By Cory Schouten
Trump administration officials floated a plan earlier this month to open most of the U.S. coastline to oil exploration, a broadside that immediately drew jeers from coastal state officials and environmentalists.
But experts say those decrying the proposal probably need not fear: The laughably broad scope of the plan — and its stumbling rollout, including an on-again, off-again exemption for all of Florida — suggests a poorly considered proposal aimed more at grabbing headlines and ruffling political feathers than at enabling actual new drilling.
The development of shale mining in large part has stymied the appetite of oil companies for new offshore projects, and most of the coastline the Department of the Interior is offering up would be unlikely to generate much demand for leases, save for a few promising areas including parts of the Eastern Gulf of Mexico and off the coast of Alaska.

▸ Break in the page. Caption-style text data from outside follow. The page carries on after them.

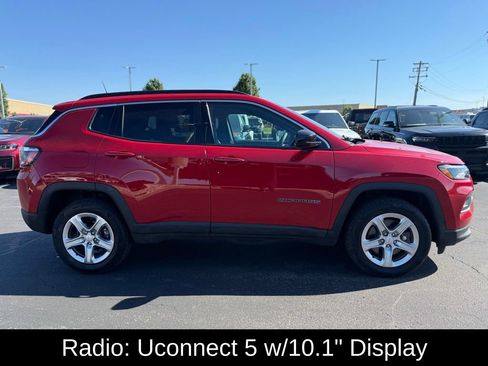 Certified 2024 Jeep Compass Latitude AWD/4WD image 3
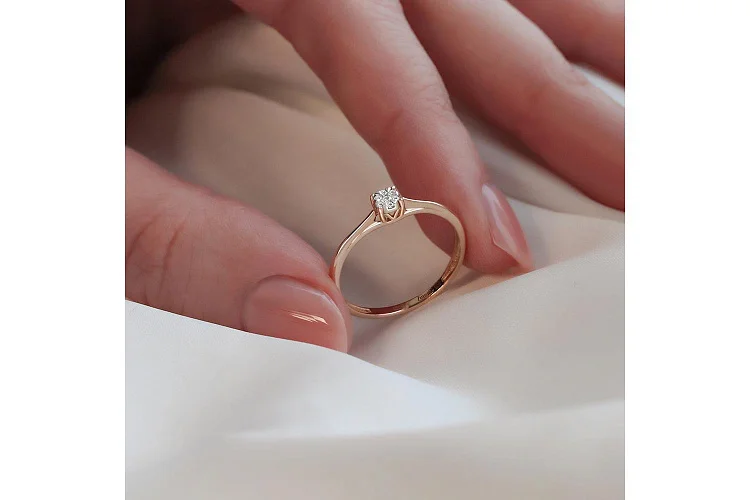 Кольцо Малинка из красного золота с 7 муассанитами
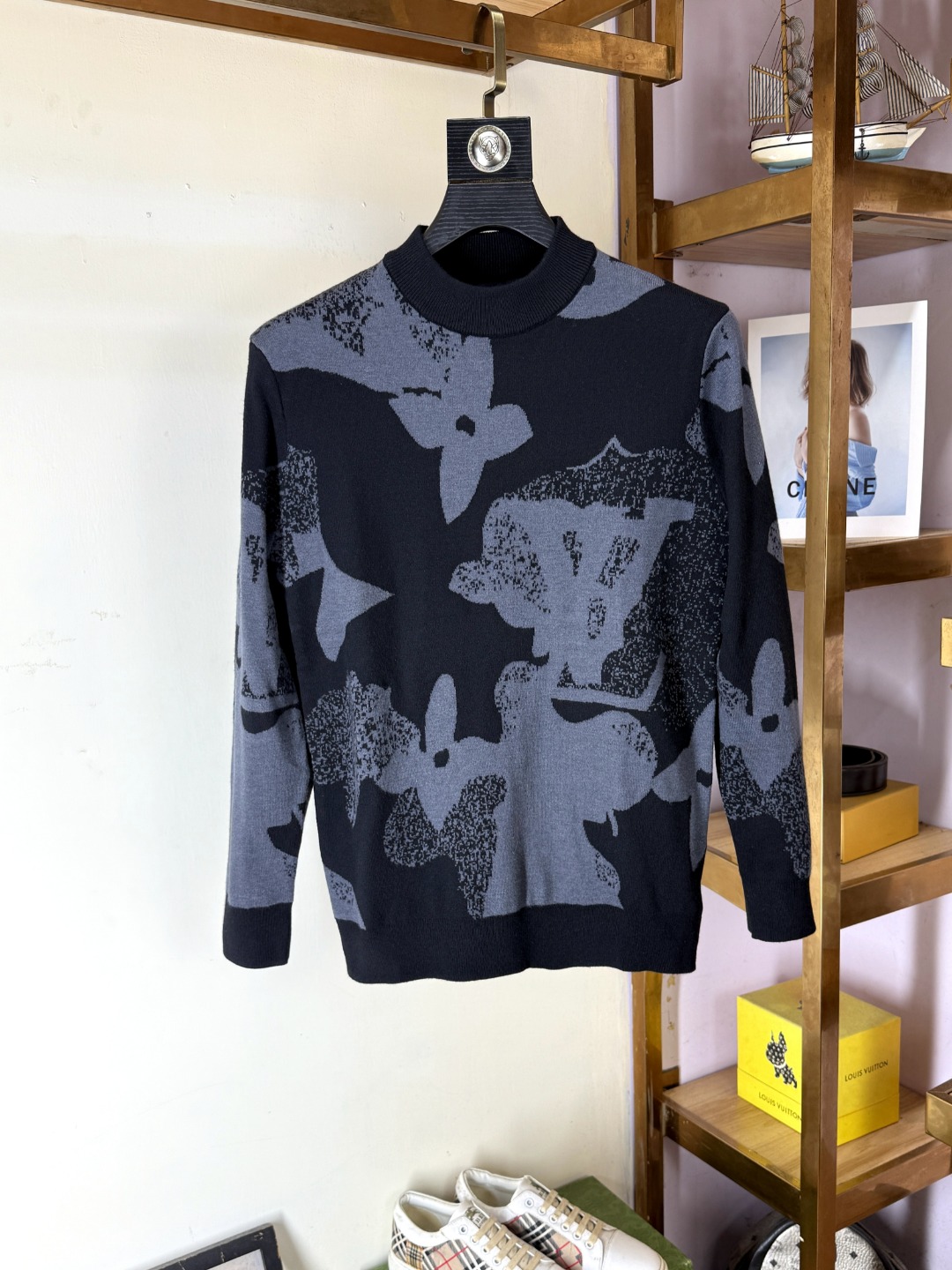 NO:656645,LV Louis Vuitton's latest round-neck sweater is now on sale at the counter!  Specially made of wool blended fabric. It feels comfortable. It can be directly in contact with the skin. The logo badge is exquisitely embroidered, which is extremely eye-catching!  The details highlight the fashionable charm of big brands. Exquisite workmanship. Three-dimensional cutting style. The wearing effect is invincible and handsome!  All three standards are complete!  New sweater size M-4XL,,louis vuitton,louis vuitton,sweaters,alexander wang19860909LV 路易威登 最新款圆领毛衣,专柜同步在售爆款！特供羊毛混纺面料.手感舒适.可直接接触皮肤,logo徽章精致刺绣标志,极为抢眼！细节凸显大牌时尚魅力.精致做工.立体裁剪风格.穿着效果无敌帅气！三标齐全！ 新款毛衣 码数M-4XL,,louis vuitton,louis vuitton,sweaters,alexander wang,Men's clothing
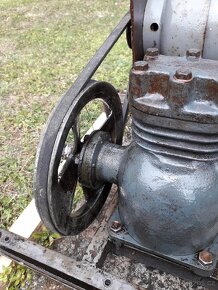 Stary funkcni kompresor dvojvalec na 220 w - 2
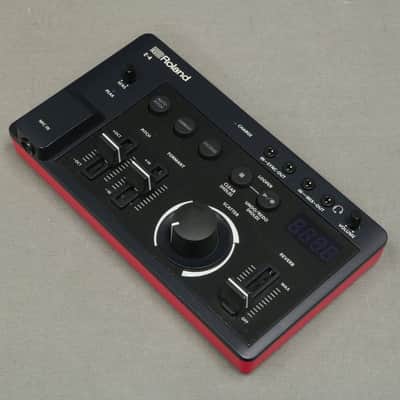 ROLAND AIRA Compact E-4 Voice Tweaker [Z5N3399] (06/08) image 1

A tailored, well-researched proposal (the Trump administration plan is neither) would have had a better shot of surviving a lengthy and tenuous government approval process, let alone a chance to overcome opposition from local leaders wary of offshore drilling, said Sam Ori, executive director of the University of Chicago Energy Policy Institute.
“You can start with your big campaign idea, but if your process for getting it implemented doesn’t adhere with the law and doesn’t adhere with the regulatory system we have in place, eventually it’s going to flame out, whether it happens at the agency itself or in the courts,” Ori told CBS MoneyWatch.